**** DATA UNDER STUDY

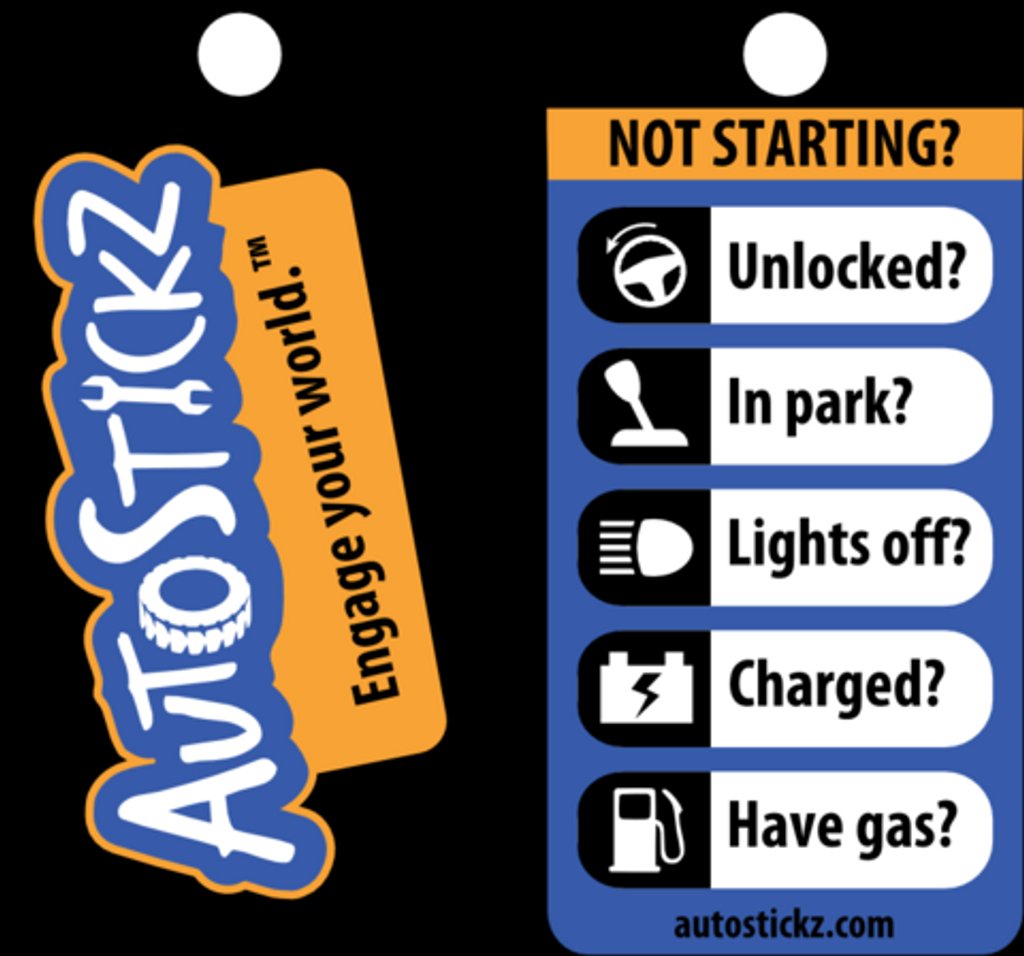 Car Starting Key Chain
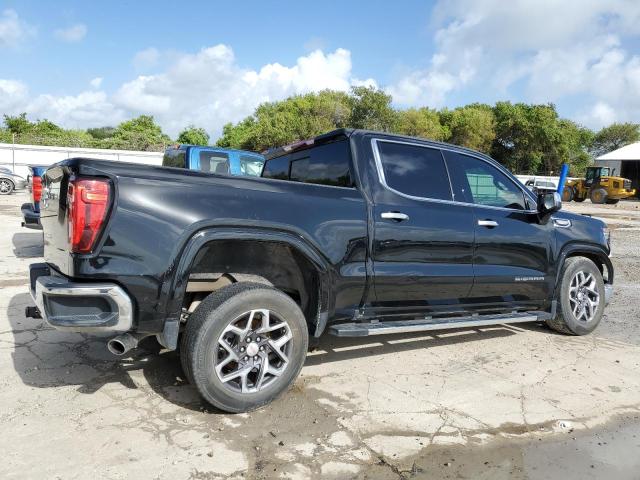 3GTPHDED6NG637293 - 2022 GMC SIERRA C1500 SLT BLACK photo 3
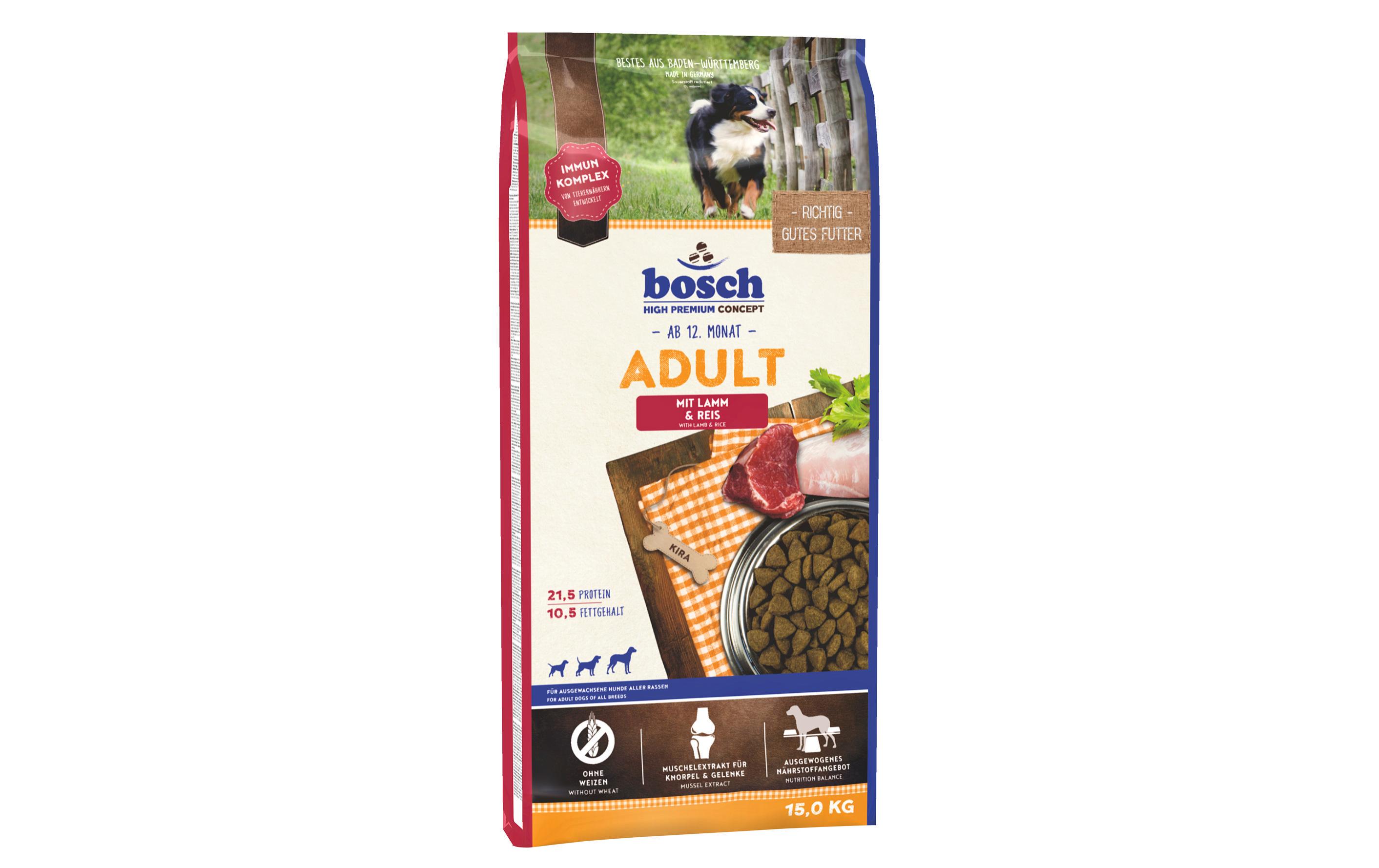 Trockenfutter Adult Lamm & Reis, 15 kgAlleinfuttermittel für ausgewachsene Hunde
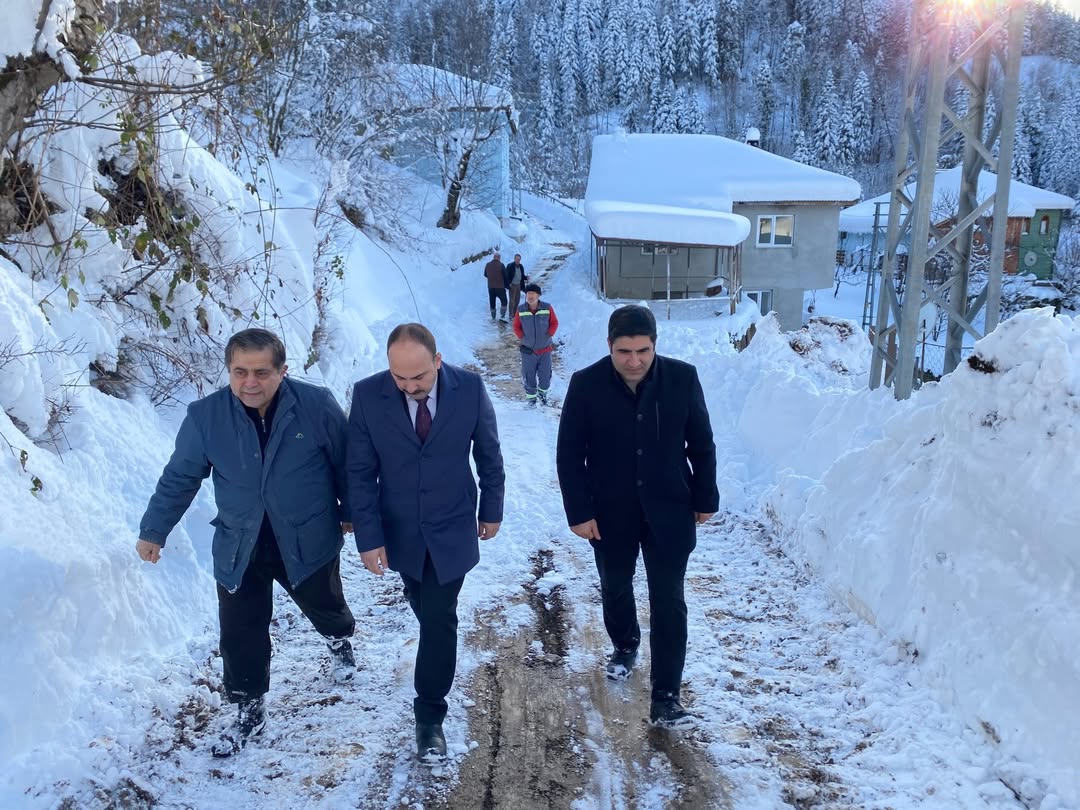 Kastamonu'nun Ilçesinde Karla Mücadele Çalışmalarını Yerinde Inceledi 4
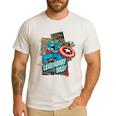 Marvel Captain America Legendary Dad Father's Day Men's Casual T-Shirt White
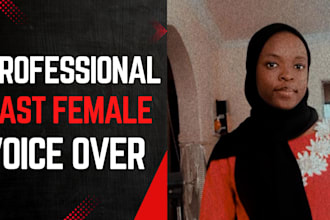 record a soothing and professional female voice over
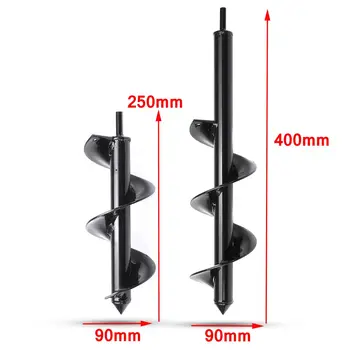 

Earth Auger Hole Digger Tool 90mm Garden Planting Machine Drill Bit Fence Borer Post Post Hole Digger Garden Auger Yard Tool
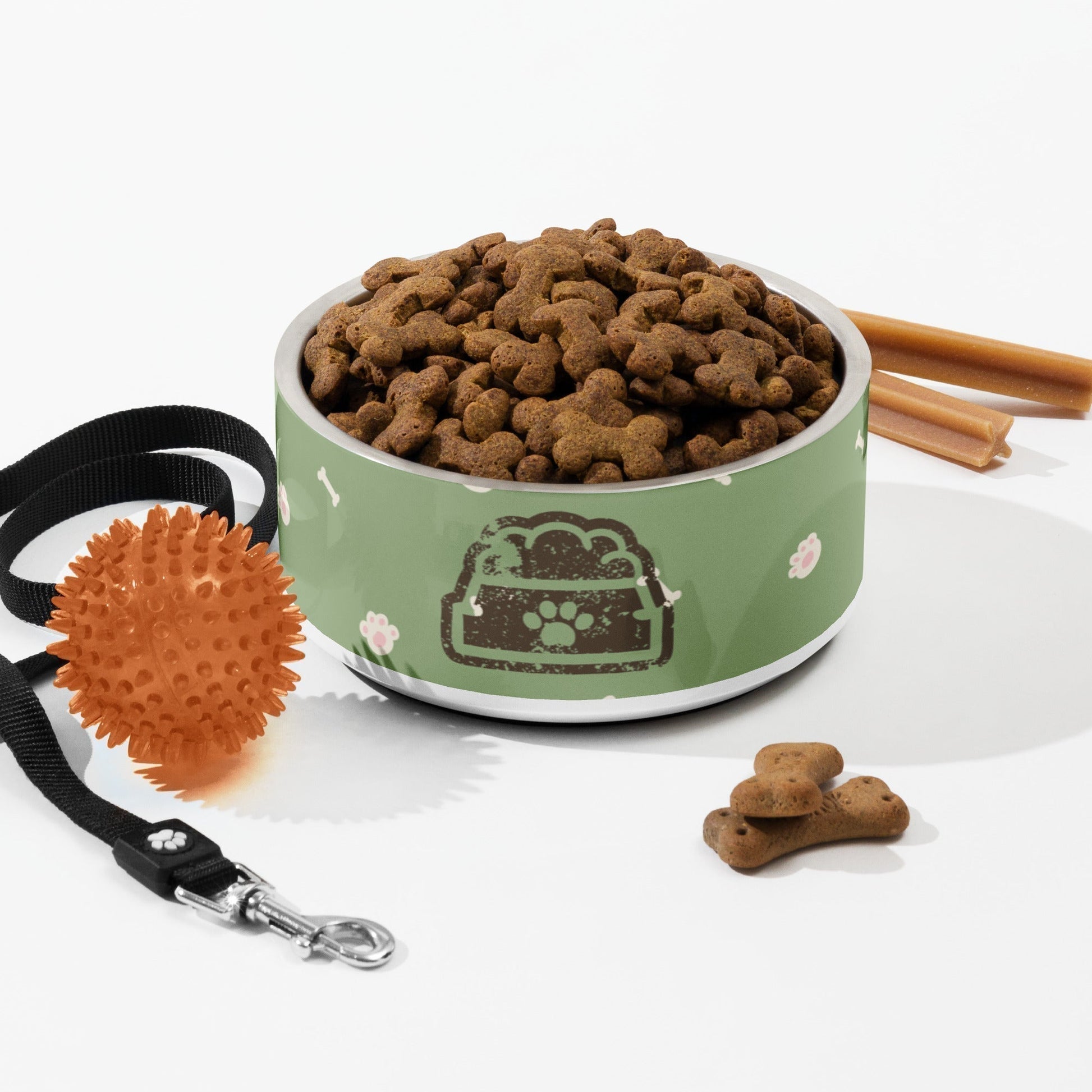 Green Pet Bowl - A Fresh Twist to Pet Dining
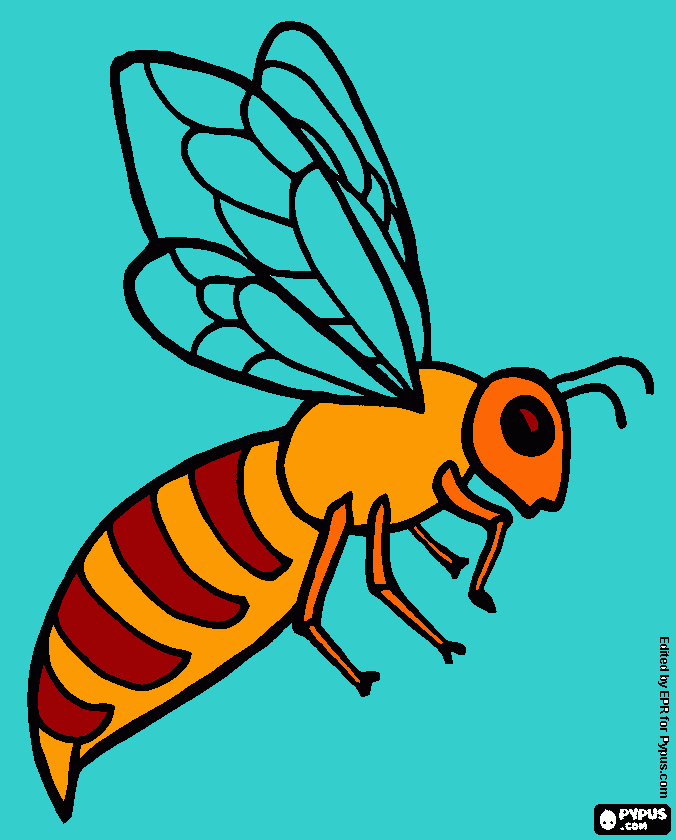 avispones para colorear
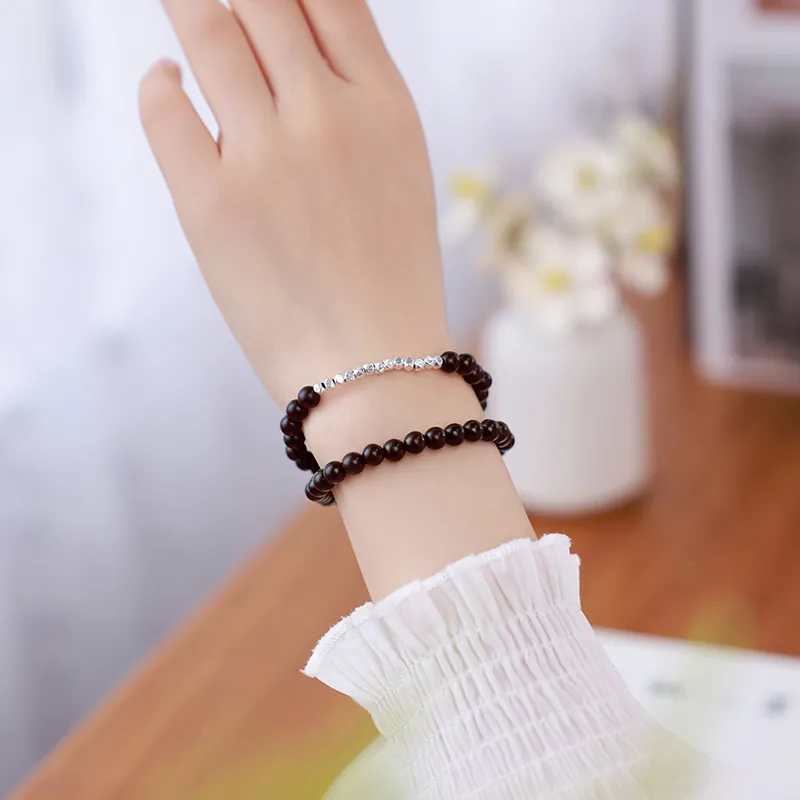 MUSHENGYUAN Ebony Bracelets Women's-3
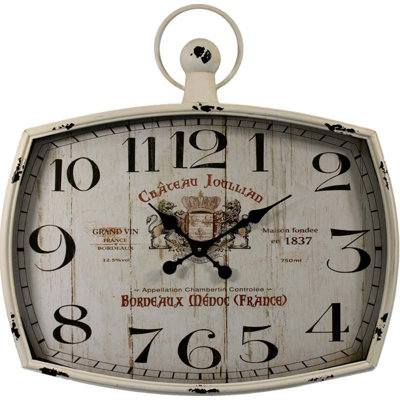 Poulin Metal Wall Clock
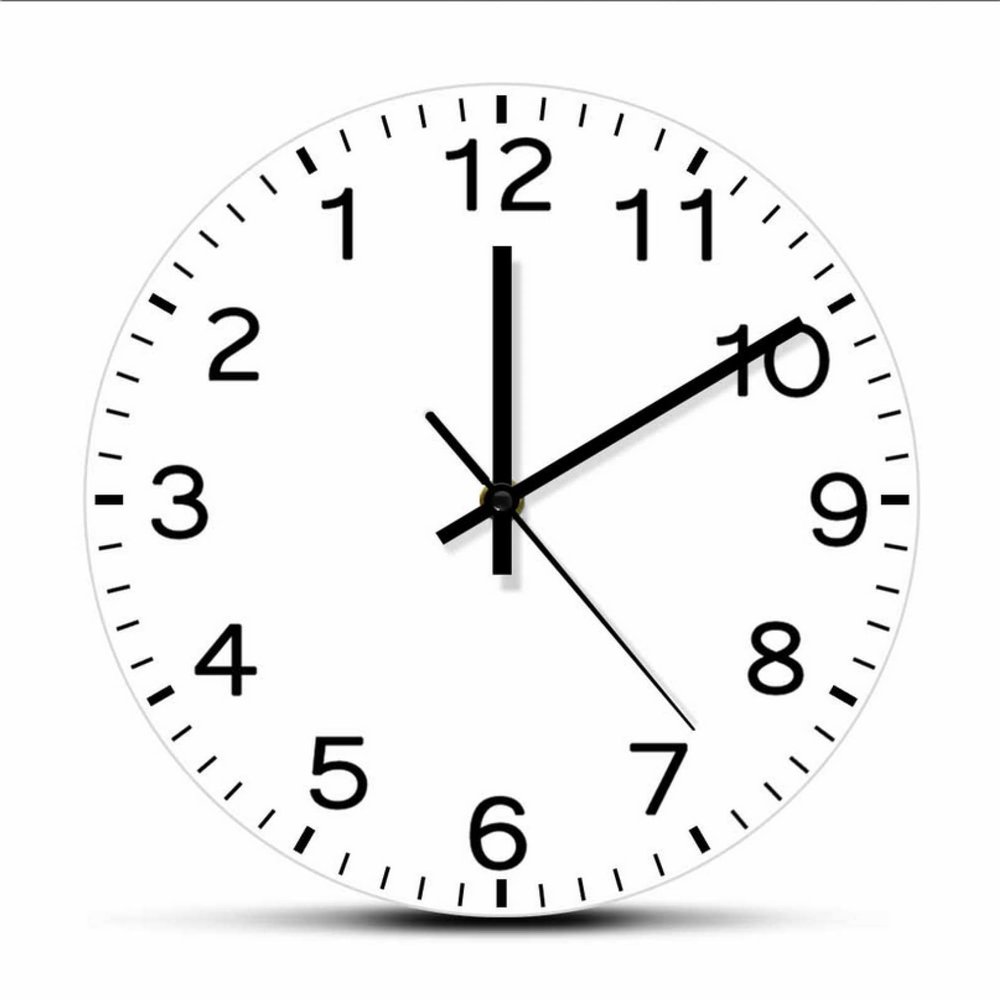 ICECHEN 12 Inch Wall Clocks-Modern Design Run Backwards Quiet Sweep Clock Anticlockwise Reverse Anti Wall Clock Home Decor Timepieces Run Counter Wall Watch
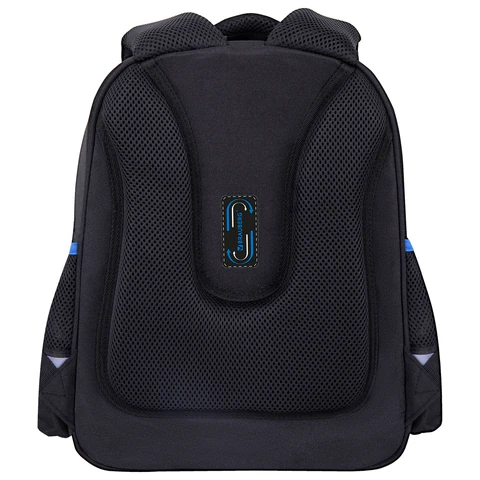 Ранец BRAUBERG STABLE, 2 отделения, с брелком, "Blue ball", 36х28х16 см, 274390 - фото 5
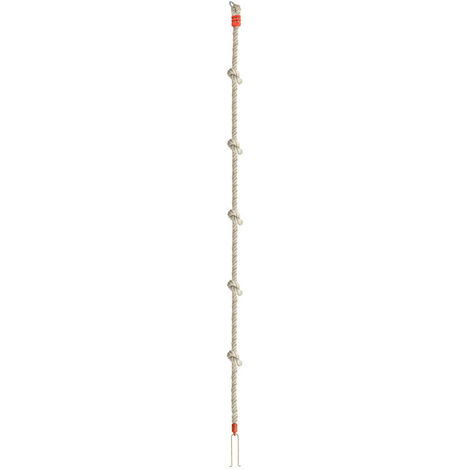 Corde à nœuds pour portique balançoire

********

Beginning at the line that contains "Trockenfutter Adult Lamm", retype each line of the data above through the very last one. Do not retype the pictures.

--- ANSWER TO THIS TASK ---
 Trockenfutter Adult Lamm & Reis, 15 kgAlleinfuttermittel für ausgewachsene Hunde
 Kastamonu'nun Ilçesinde Karla Mücadele Çalışmalarını Yerinde Inceledi 4
 Marvel Captain America Legendary Dad Father's Day Men's Casual T-Shirt White
 record a soothing and professional female voice over

Earth Auger Hole Digger Tool 90mm Garden Planting Machine Drill Bit Fence Borer Post Post Hole Digger Garden Auger Yard Tool
 Green Pet Bowl - A Fresh Twist to Pet Dining
 avispones para colorear
 MUSHENGYUAN Ebony Bracelets Women's-3
 Poulin Metal Wall Clock
 ICECHEN 12 Inch Wall Clocks-Modern Design Run Backwards Quiet Sweep Clock Anticlockwise Reverse Anti Wall Clock Home Decor Timepieces Run Counter Wall Watch
 Ранец BRAUBERG STABLE, 2 отделения, с брелком, "Blue ball", 36х28х16 см, 274390 - фото 5
 Corde à nœuds pour portique balançoire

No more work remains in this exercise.